*Exercise directions*. Write out exactly, excluding pictures, the lines from the one containing "Brown Sugar Milk Tea" through the end of the data, both included.

*Material to process*.

• • •

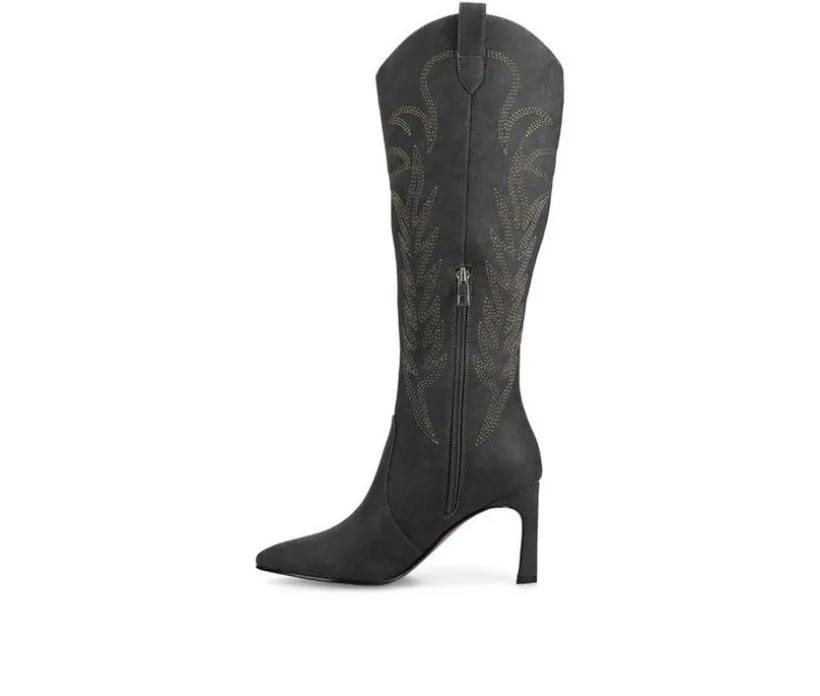 Women's Journee Collection Laramie Knee High Boots
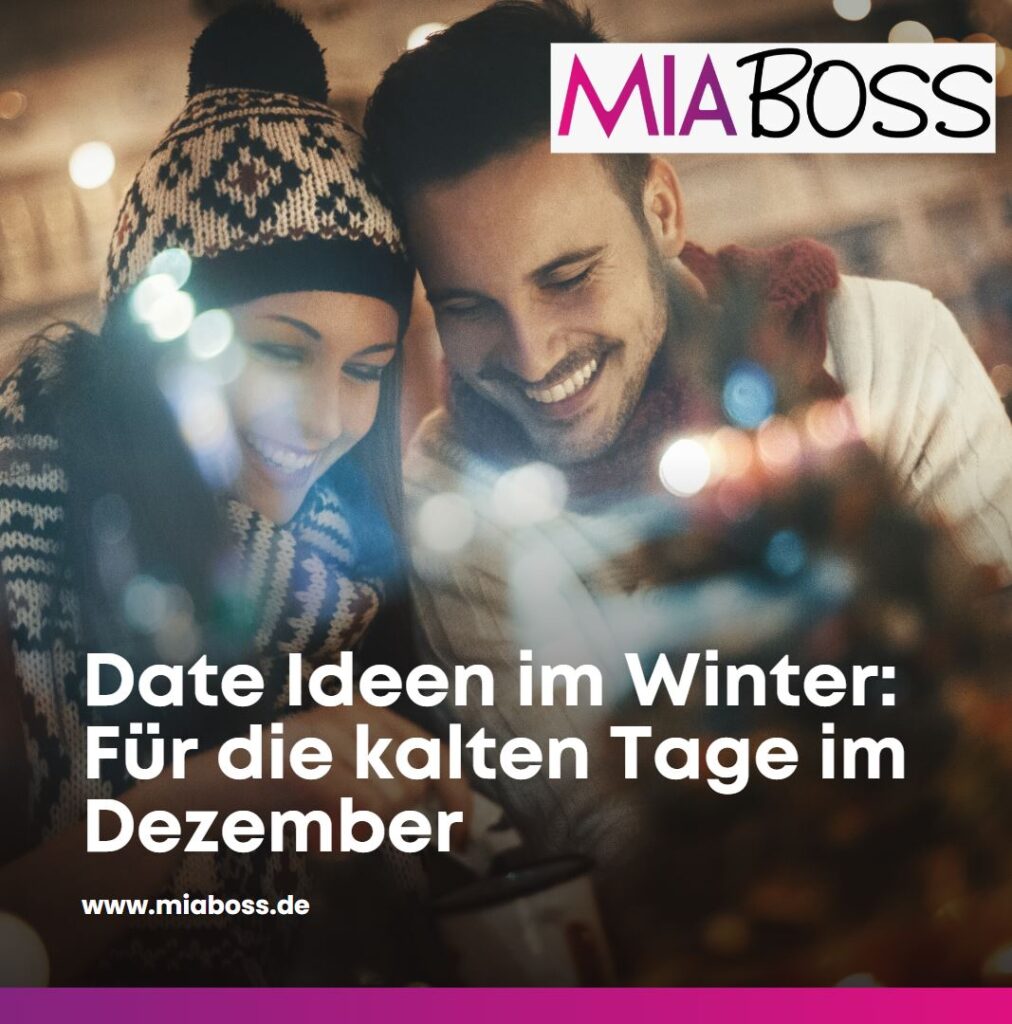 Date Ideen im Winter Für die kalten Tage im Dezember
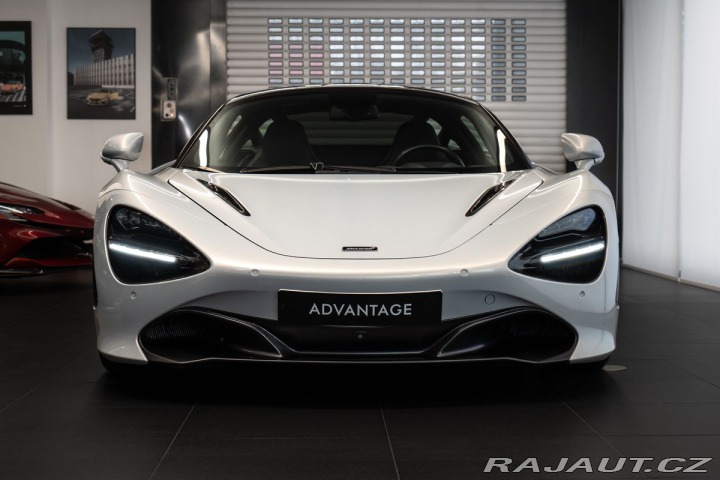 McLaren 720S 360/LED/B&O Audio 2017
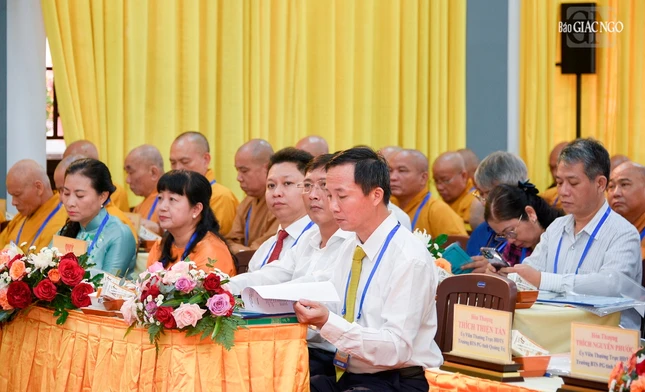 Đại diện các cơ quan trung ương, TP.HCM tham dự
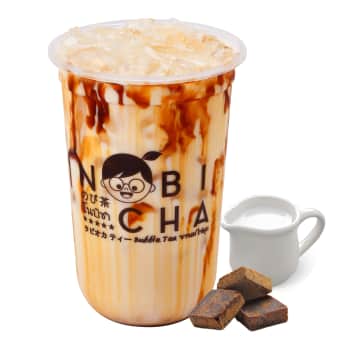 Brown Sugar Milk Tea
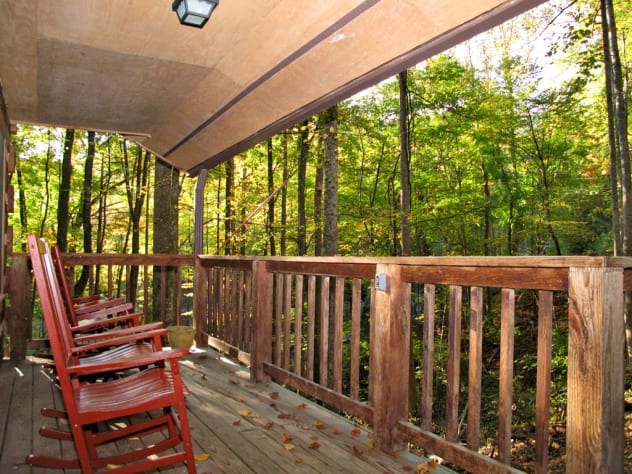 Gatlinburg, Tennessee Cabin Rental - Gallery Image #9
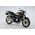 Maquette moto : Kawazaki ZR400C Zephir 1/12 - Aoshima 06653 6653
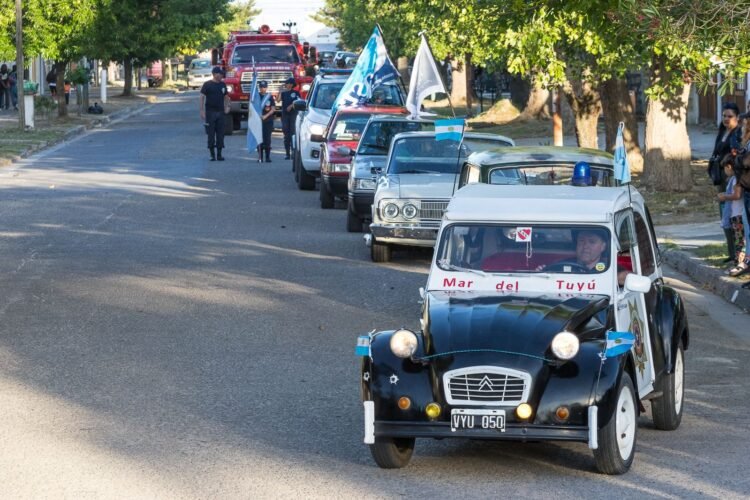 Mar del Tuyú vivió tres jornadas únicas con la 30ª edición de la Fiesta de la Náutica y el Mar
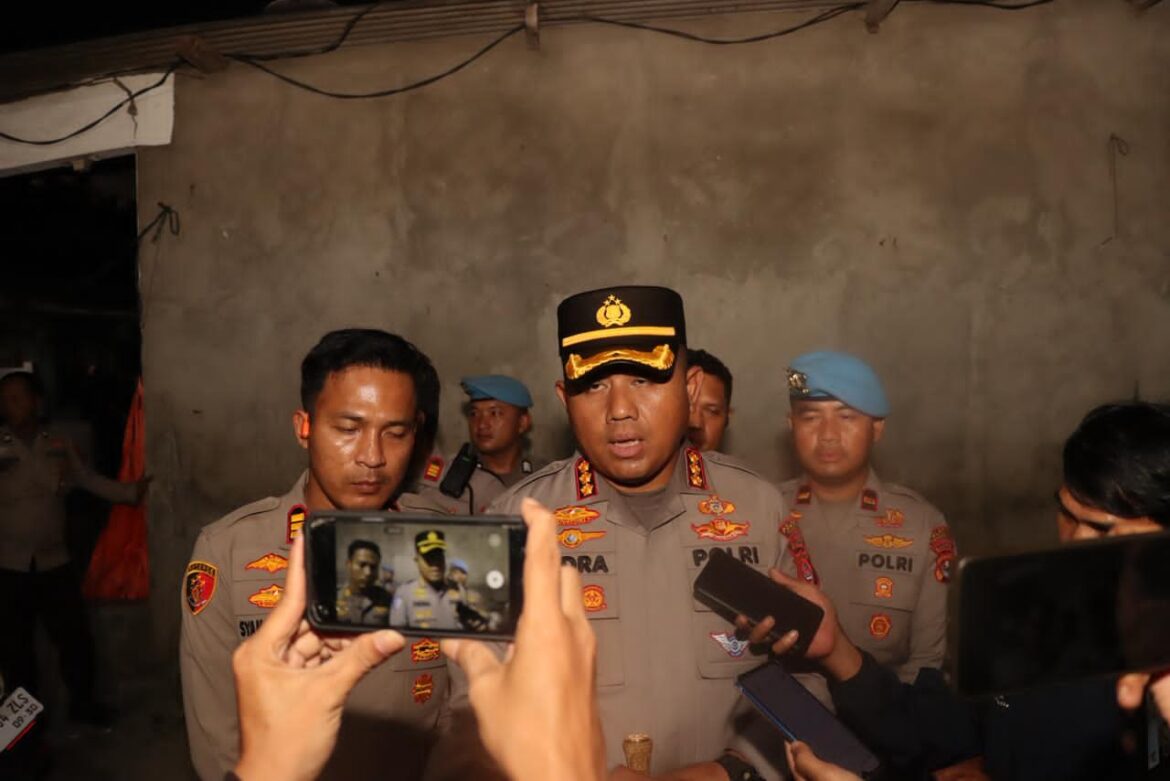 Hasil Identifikasi Jasad Pedagang Cilok, Polresta Tangerang Sebut Ada 8 Luka Diduga Sabetan Sajam
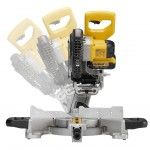 Serra de Esquadria Telescpica XR 18V ref DCS365N-XJ DEWALT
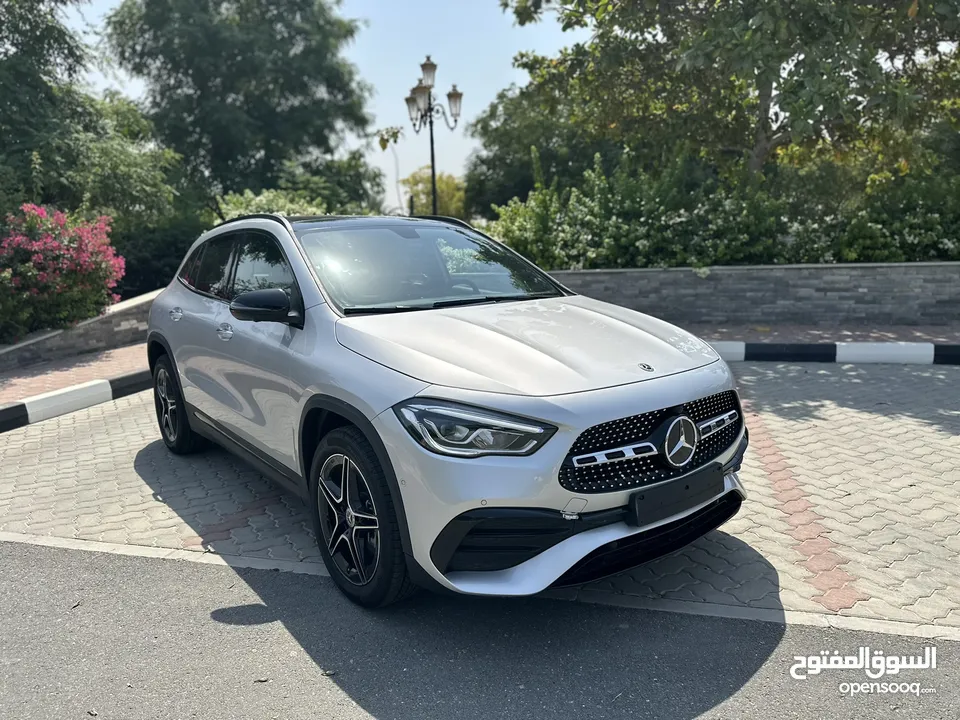 Mercedes GLA250-2023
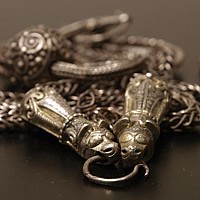 Kettenenden und Kettenabschlüsse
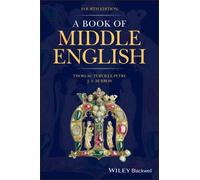 A Book of Middle English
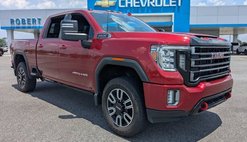 2022 GMC Sierra 2500HD AT4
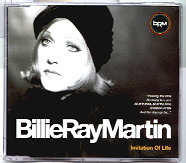 Billie Ray Martin - Imitation Of Life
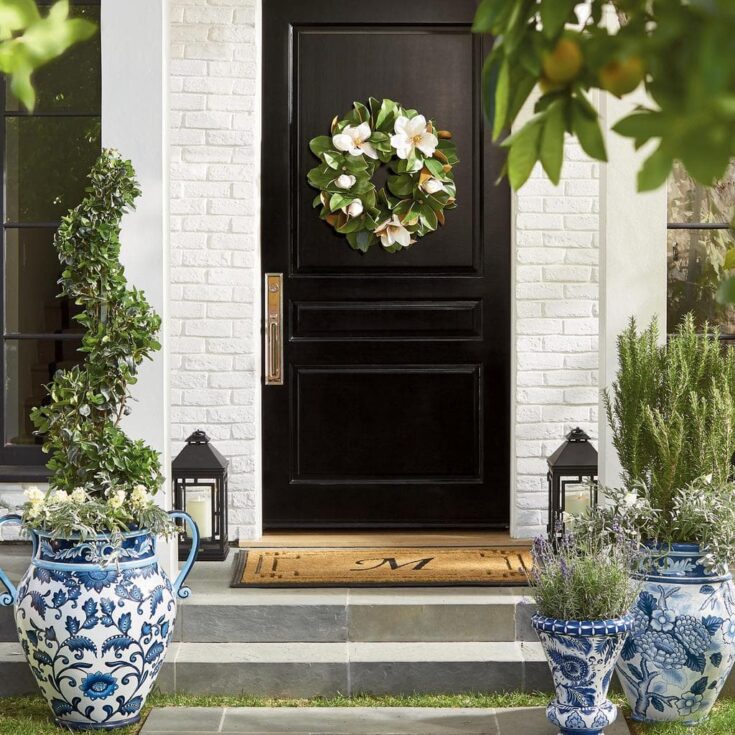 Image for Magnolia Wreath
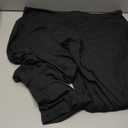 3 Pack High Waisted Capri Leggings for Women - Soft Stretch Tummy Control - Exercise Pants for Running Cycling Workout Size 3XL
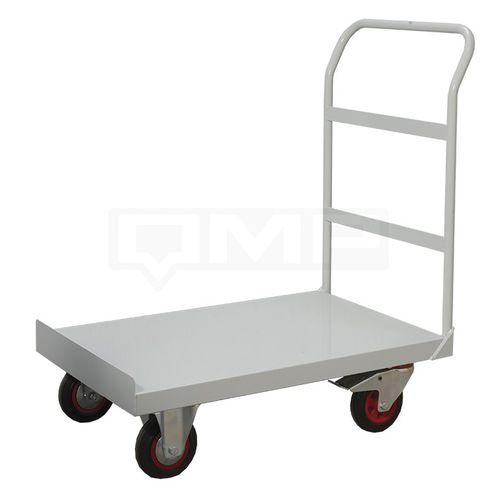 輸送用台車 - RTPT series  - Quality Metal Products - プラットフォーム用 / キャスター付き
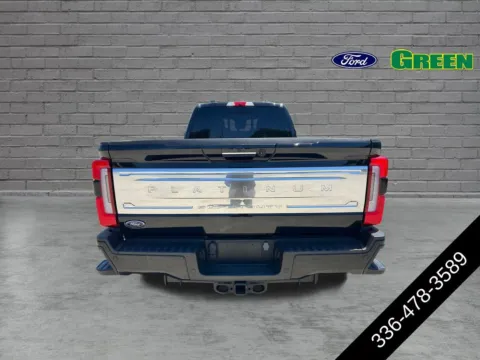 More photos of 2024 Ford F-250SD Platinum at Green Ford, NC
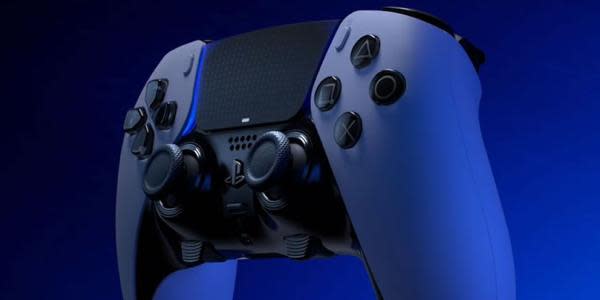 El mando Pro de PS5 ya está aquí: DualSense Edge detalla sus características más destacadas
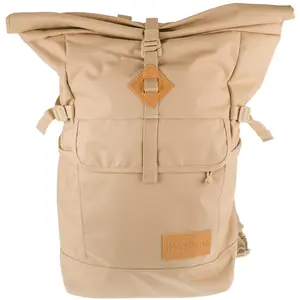 JanSport Hatchet Rolltop Backpack EK0A5BLG8O7, Rucksack, Uni, Beige, G...
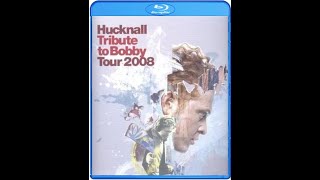 MICK HUCKNALL (SIMPLY RED) · TRIBUTE TO BOBBY TOUR 2008 DVD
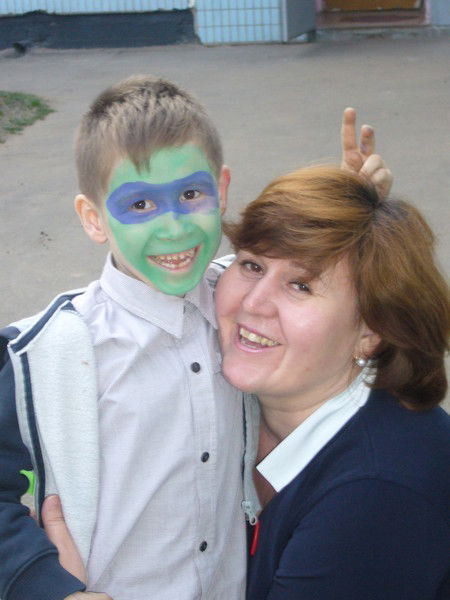 Марина Незаметдинова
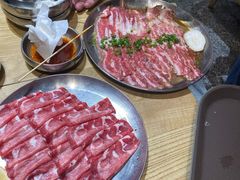 -姜虎东白丁烤肉(苏州中心店)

• • •

*Task solution*.
 Brown Sugar Milk Tea
 Gatlinburg, Tennessee Cabin Rental - Gallery Image #9
 Maquette moto : Kawazaki ZR400C Zephir 1/12 - Aoshima 06653 6653
 Mar del Tuyú vivió tres jornadas únicas con la 30ª edición de la Fiesta de la Náutica y el Mar
 Hasil Identifikasi Jasad Pedagang Cilok, Polresta Tangerang Sebut Ada 8 Luka Diduga Sabetan Sajam
 Serra de Esquadria Telescpica XR 18V ref DCS365N-XJ DEWALT
 Mercedes GLA250-2023
 Kettenenden und Kettenabschlüsse
 A Book of Middle English
 2022 GMC Sierra 2500HD AT4
 Billie Ray Martin - Imitation Of Life
 Image for Magnolia Wreath
 3 Pack High Waisted Capri Leggings for Women - Soft Stretch Tummy Control - Exercise Pants for Running Cycling Workout Size 3XL
 輸送用台車 - RTPT series  - Quality Metal Products - プラットフォーム用 / キャスター付き
 More photos of 2024 Ford F-250SD Platinum at Green Ford, NC
 El mando Pro de PS5 ya está aquí: DualSense Edge detalla sus características más destacadas
 JanSport Hatchet Rolltop Backpack EK0A5BLG8O7, Rucksack, Uni, Beige, G...
 MICK HUCKNALL (SIMPLY RED) · TRIBUTE TO BOBBY TOUR 2008 DVD
 Марина Незаметдинова
 -姜虎东白丁烤肉(苏州中心店)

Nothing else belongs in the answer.